*THE TASK*: Entries follow. Give back exactly the lines starting at the one containing "Fanatics Men's Heather" and ending at the one containing "Beach Days.... Statement, Embroidered", and no other lines.

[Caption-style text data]
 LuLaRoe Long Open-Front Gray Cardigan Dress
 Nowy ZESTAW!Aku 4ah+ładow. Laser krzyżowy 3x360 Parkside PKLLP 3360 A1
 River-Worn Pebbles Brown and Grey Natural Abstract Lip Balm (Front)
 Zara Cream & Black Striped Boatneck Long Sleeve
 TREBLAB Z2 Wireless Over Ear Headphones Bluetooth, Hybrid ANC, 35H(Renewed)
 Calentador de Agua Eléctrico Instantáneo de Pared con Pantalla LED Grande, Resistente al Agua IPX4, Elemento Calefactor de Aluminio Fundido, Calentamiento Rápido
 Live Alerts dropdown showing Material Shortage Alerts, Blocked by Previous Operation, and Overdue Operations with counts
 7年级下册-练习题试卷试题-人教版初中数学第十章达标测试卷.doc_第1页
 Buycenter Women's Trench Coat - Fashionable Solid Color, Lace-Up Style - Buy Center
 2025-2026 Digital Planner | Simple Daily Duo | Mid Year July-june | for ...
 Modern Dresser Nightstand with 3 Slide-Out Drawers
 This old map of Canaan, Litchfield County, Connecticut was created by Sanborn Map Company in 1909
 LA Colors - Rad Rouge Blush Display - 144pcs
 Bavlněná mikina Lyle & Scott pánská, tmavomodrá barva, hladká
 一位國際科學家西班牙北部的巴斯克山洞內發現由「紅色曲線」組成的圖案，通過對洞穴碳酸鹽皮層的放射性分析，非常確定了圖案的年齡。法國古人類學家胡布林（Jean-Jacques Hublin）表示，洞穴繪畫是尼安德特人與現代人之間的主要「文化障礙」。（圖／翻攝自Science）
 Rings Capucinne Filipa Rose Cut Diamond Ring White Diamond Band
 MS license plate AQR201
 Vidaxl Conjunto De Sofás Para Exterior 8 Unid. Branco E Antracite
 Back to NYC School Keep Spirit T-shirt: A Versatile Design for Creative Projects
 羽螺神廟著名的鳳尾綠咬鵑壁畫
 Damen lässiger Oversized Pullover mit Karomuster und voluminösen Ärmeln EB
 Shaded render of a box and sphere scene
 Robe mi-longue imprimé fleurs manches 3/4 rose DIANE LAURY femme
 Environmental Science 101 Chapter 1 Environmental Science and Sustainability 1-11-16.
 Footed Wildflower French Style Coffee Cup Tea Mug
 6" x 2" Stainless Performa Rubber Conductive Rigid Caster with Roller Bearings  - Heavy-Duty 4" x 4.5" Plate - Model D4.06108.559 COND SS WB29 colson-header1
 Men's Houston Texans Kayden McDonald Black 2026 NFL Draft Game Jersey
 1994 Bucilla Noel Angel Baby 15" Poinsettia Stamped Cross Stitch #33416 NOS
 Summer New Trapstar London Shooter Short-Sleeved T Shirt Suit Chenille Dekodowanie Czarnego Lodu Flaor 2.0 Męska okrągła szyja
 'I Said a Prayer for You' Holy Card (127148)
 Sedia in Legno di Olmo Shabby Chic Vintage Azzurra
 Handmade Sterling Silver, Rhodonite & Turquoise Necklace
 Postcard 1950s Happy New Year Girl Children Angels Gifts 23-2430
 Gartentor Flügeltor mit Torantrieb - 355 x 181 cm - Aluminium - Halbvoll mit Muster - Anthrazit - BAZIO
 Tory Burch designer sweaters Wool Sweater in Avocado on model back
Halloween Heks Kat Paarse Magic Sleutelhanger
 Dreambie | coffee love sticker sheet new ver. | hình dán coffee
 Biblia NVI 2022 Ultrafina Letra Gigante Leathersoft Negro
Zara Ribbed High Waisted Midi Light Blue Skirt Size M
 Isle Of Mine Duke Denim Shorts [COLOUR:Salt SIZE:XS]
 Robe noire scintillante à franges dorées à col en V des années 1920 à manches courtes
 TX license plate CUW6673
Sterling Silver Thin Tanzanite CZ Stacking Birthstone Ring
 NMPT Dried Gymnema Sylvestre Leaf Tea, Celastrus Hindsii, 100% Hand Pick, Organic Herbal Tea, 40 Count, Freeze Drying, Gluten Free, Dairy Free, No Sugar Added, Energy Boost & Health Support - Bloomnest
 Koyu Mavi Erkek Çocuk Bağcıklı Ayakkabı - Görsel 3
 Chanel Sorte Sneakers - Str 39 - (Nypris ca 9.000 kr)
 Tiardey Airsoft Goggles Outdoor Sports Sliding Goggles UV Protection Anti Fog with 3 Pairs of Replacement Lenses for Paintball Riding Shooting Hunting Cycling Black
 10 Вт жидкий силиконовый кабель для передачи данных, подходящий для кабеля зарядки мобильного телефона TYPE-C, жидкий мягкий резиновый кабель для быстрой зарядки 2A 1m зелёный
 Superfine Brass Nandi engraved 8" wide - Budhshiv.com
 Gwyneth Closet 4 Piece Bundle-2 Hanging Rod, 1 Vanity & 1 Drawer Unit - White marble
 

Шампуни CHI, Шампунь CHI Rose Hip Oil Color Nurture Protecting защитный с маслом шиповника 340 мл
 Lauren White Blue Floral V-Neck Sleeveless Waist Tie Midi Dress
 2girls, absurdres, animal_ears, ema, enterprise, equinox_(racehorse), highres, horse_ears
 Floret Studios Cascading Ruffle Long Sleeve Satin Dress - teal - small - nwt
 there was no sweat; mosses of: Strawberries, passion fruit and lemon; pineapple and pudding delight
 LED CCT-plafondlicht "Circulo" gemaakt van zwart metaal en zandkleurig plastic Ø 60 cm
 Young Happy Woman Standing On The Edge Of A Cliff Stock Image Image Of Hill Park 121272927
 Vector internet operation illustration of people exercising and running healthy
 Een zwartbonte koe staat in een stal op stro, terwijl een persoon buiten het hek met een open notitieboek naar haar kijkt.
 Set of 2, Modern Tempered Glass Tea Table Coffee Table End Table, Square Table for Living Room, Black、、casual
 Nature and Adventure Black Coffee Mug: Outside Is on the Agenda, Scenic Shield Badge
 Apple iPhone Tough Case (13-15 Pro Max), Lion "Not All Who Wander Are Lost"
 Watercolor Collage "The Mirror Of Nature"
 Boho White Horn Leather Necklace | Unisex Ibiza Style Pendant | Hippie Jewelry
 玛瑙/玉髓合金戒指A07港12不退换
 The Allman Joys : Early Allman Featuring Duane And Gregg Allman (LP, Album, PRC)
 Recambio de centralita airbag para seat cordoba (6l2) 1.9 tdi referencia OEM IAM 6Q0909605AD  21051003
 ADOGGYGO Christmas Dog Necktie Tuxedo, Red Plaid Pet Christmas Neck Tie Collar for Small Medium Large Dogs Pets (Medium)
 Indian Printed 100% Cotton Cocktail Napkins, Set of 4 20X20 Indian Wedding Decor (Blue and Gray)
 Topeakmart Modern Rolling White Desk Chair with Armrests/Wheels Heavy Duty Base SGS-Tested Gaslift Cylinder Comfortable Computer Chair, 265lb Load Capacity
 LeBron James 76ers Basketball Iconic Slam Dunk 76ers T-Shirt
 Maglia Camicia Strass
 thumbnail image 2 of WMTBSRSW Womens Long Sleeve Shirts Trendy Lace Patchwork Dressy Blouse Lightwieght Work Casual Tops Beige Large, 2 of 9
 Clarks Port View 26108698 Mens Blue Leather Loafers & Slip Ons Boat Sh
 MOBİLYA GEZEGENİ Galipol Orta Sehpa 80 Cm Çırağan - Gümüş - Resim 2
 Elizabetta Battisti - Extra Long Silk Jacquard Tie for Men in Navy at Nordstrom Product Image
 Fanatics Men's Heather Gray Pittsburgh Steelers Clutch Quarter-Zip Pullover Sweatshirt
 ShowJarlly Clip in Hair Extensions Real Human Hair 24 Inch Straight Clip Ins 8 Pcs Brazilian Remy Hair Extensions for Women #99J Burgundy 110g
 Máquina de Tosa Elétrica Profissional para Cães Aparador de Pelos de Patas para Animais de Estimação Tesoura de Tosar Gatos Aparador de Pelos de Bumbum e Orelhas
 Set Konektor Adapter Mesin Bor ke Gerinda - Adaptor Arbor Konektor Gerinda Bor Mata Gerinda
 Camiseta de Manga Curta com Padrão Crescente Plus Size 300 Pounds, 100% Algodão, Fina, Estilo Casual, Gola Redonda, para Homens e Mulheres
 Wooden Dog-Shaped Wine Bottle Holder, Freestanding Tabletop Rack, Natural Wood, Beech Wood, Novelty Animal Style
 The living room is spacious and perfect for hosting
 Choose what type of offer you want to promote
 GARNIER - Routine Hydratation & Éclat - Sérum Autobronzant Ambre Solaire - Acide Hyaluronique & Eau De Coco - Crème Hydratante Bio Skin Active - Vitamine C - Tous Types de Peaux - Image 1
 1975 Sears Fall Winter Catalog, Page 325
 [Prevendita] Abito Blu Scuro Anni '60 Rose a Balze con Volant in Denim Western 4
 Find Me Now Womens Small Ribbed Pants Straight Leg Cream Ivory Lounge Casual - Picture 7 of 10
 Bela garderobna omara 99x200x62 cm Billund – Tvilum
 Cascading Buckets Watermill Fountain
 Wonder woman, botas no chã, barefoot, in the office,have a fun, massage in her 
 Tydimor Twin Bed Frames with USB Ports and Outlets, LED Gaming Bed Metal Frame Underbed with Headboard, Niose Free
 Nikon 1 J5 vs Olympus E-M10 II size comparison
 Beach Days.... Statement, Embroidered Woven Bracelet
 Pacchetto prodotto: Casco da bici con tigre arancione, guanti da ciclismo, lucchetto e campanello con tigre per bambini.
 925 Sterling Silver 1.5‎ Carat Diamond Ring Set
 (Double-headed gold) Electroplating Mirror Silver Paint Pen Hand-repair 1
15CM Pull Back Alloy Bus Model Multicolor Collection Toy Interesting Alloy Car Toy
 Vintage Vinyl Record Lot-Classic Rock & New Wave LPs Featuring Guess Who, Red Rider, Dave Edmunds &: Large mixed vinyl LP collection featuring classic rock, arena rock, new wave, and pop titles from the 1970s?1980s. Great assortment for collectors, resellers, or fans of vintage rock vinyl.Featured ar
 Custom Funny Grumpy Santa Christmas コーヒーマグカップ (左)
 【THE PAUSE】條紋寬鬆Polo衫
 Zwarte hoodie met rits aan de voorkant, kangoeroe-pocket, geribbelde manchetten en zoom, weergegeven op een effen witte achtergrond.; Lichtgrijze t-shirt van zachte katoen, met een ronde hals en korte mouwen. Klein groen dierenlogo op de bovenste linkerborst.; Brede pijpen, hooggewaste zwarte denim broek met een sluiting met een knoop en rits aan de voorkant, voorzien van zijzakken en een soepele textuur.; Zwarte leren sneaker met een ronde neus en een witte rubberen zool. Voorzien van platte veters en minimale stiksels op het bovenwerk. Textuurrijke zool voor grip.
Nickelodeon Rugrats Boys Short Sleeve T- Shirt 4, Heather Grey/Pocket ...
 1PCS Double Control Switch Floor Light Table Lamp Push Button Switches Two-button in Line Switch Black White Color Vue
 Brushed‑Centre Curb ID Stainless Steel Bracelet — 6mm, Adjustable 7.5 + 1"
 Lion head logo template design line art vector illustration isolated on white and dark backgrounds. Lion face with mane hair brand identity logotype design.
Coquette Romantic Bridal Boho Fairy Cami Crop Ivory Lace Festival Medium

*WRITTEN RESPONSE*:
 Fanatics Men's Heather Gray Pittsburgh Steelers Clutch Quarter-Zip Pullover Sweatshirt
 ShowJarlly Clip in Hair Extensions Real Human Hair 24 Inch Straight Clip Ins 8 Pcs Brazilian Remy Hair Extensions for Women #99J Burgundy 110g
 Máquina de Tosa Elétrica Profissional para Cães Aparador de Pelos de Patas para Animais de Estimação Tesoura de Tosar Gatos Aparador de Pelos de Bumbum e Orelhas
 Set Konektor Adapter Mesin Bor ke Gerinda - Adaptor Arbor Konektor Gerinda Bor Mata Gerinda
 Camiseta de Manga Curta com Padrão Crescente Plus Size 300 Pounds, 100% Algodão, Fina, Estilo Casual, Gola Redonda, para Homens e Mulheres
 Wooden Dog-Shaped Wine Bottle Holder, Freestanding Tabletop Rack, Natural Wood, Beech Wood, Novelty Animal Style
 The living room is spacious and perfect for hosting
 Choose what type of offer you want to promote
 GARNIER - Routine Hydratation & Éclat - Sérum Autobronzant Ambre Solaire - Acide Hyaluronique & Eau De Coco - Crème Hydratante Bio Skin Active - Vitamine C - Tous Types de Peaux - Image 1
 1975 Sears Fall Winter Catalog, Page 325
 [Prevendita] Abito Blu Scuro Anni '60 Rose a Balze con Volant in Denim Western 4
 Find Me Now Womens Small Ribbed Pants Straight Leg Cream Ivory Lounge Casual - Picture 7 of 10
 Bela garderobna omara 99x200x62 cm Billund – Tvilum
 Cascading Buckets Watermill Fountain
 Wonder woman, botas no chã, barefoot, in the office,have a fun, massage in her 
 Tydimor Twin Bed Frames with USB Ports and Outlets, LED Gaming Bed Metal Frame Underbed with Headboard, Niose Free
 Nikon 1 J5 vs Olympus E-M10 II size comparison
 Beach Days.... Statement, Embroidered Woven Bracelet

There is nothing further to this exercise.